-- WHAT YOU NEED TO DO --
Could you write out, exactly as they stand, only the lines in the listing below from the line with "Vít Bắt Loa Xịn M4, M4.5, M5 Mạ Đen" to the line with "Ideal Lux CLIO", both ends included, without the pictures?

-- SOURCE INFORMATION --
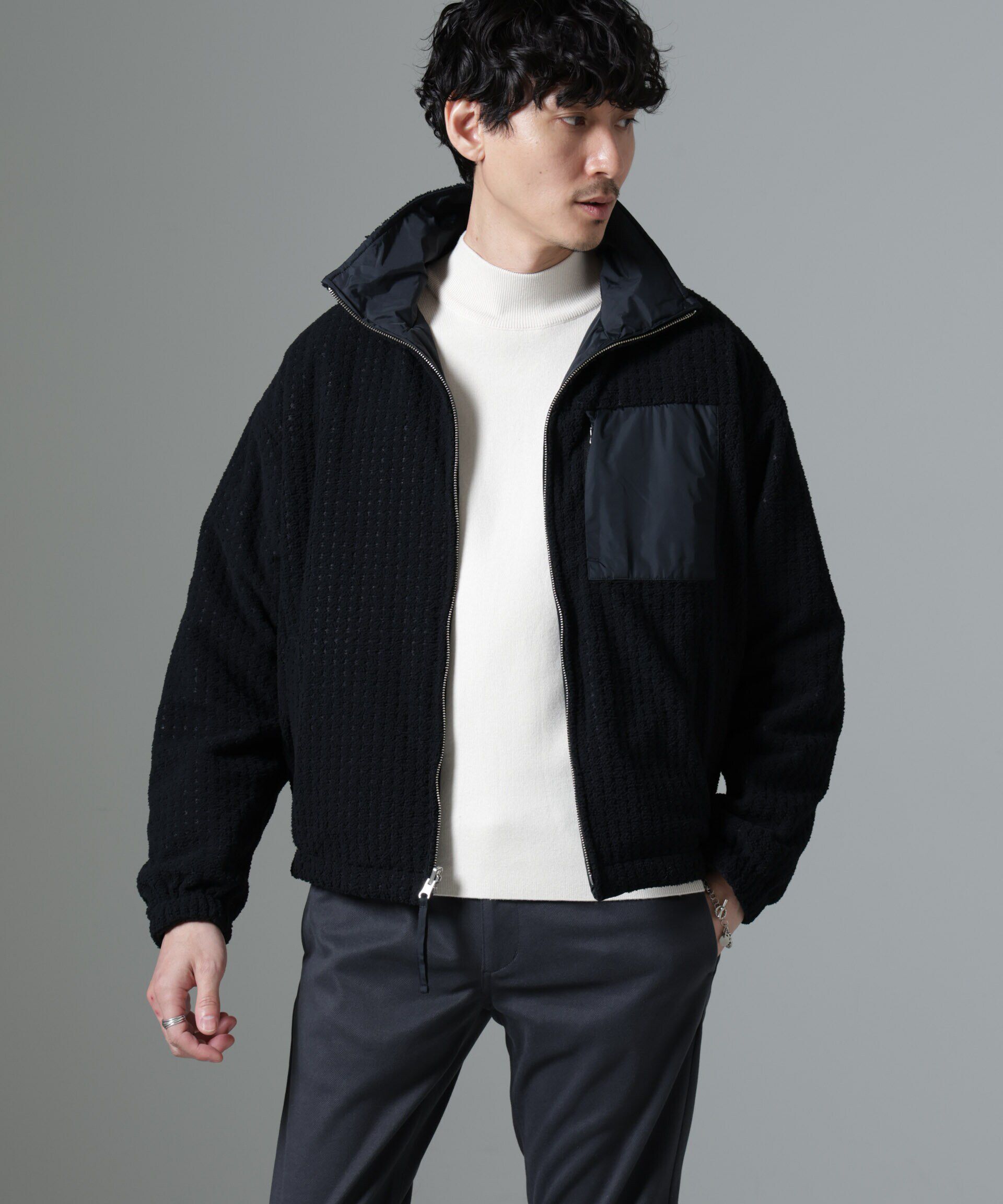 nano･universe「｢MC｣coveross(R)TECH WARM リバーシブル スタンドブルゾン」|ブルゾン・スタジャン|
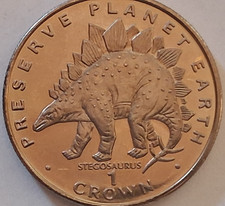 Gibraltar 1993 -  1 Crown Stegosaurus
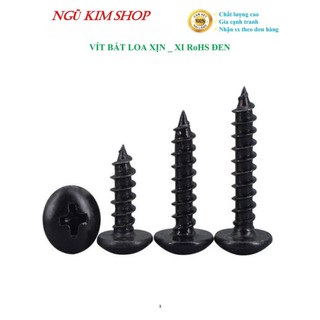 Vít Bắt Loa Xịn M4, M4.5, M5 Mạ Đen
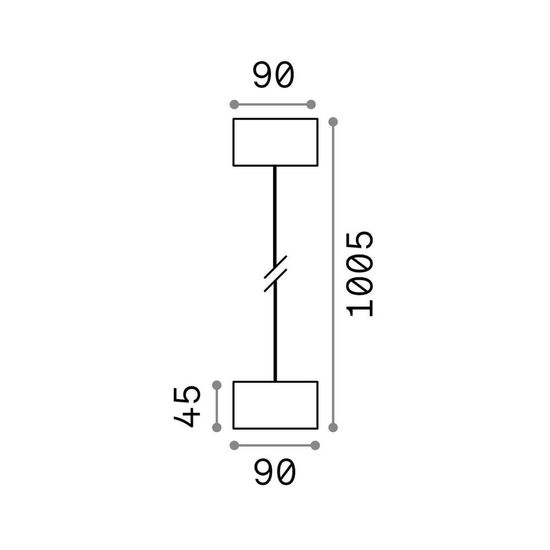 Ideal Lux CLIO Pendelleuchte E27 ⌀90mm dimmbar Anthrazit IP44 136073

==

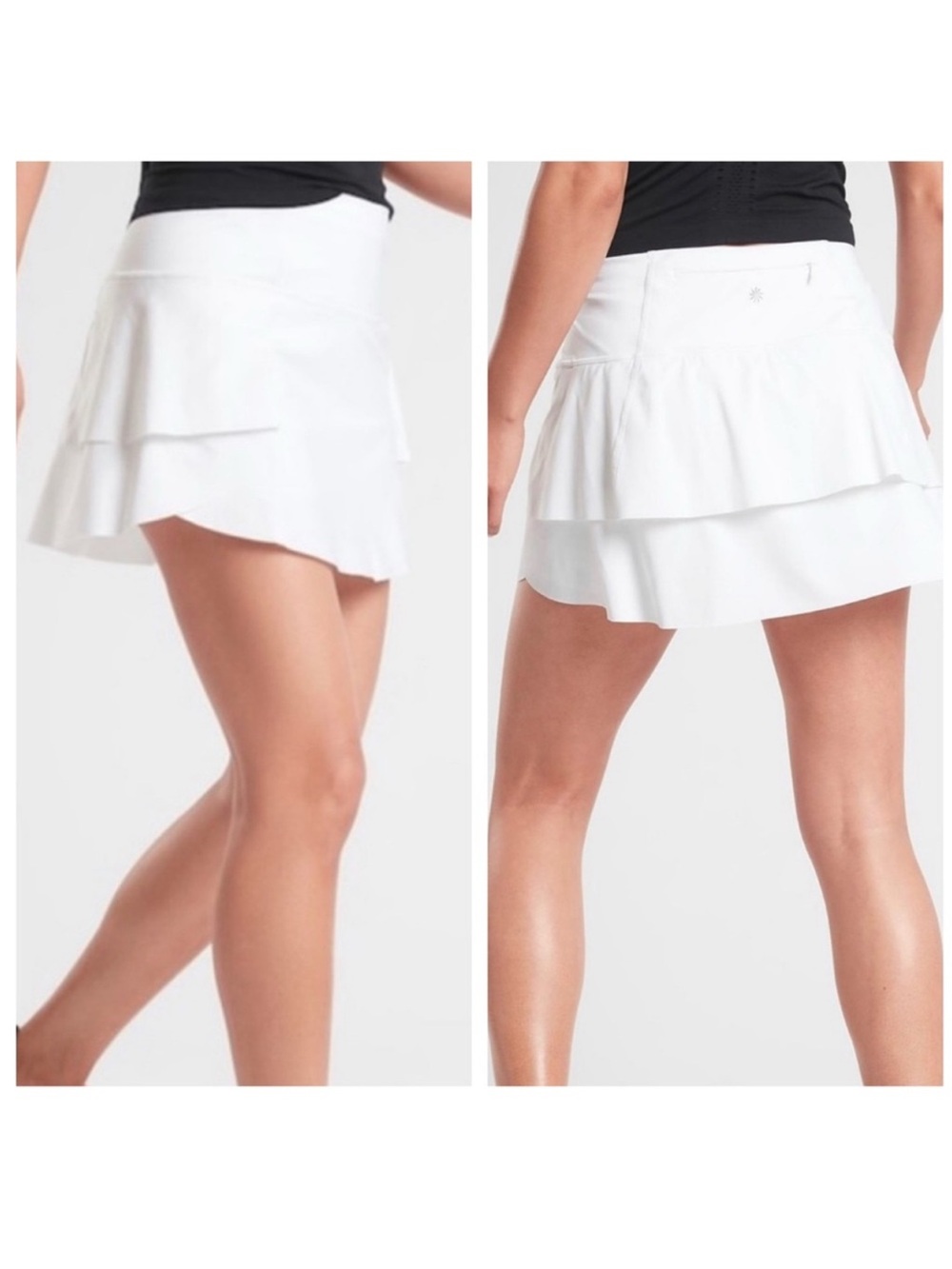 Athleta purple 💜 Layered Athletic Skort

-- RESULT --
 Vít Bắt Loa Xịn M4, M4.5, M5 Mạ Đen
 Ideal Lux CLIO Pendelleuchte E27 ⌀90mm dimmbar Anthrazit IP44 136073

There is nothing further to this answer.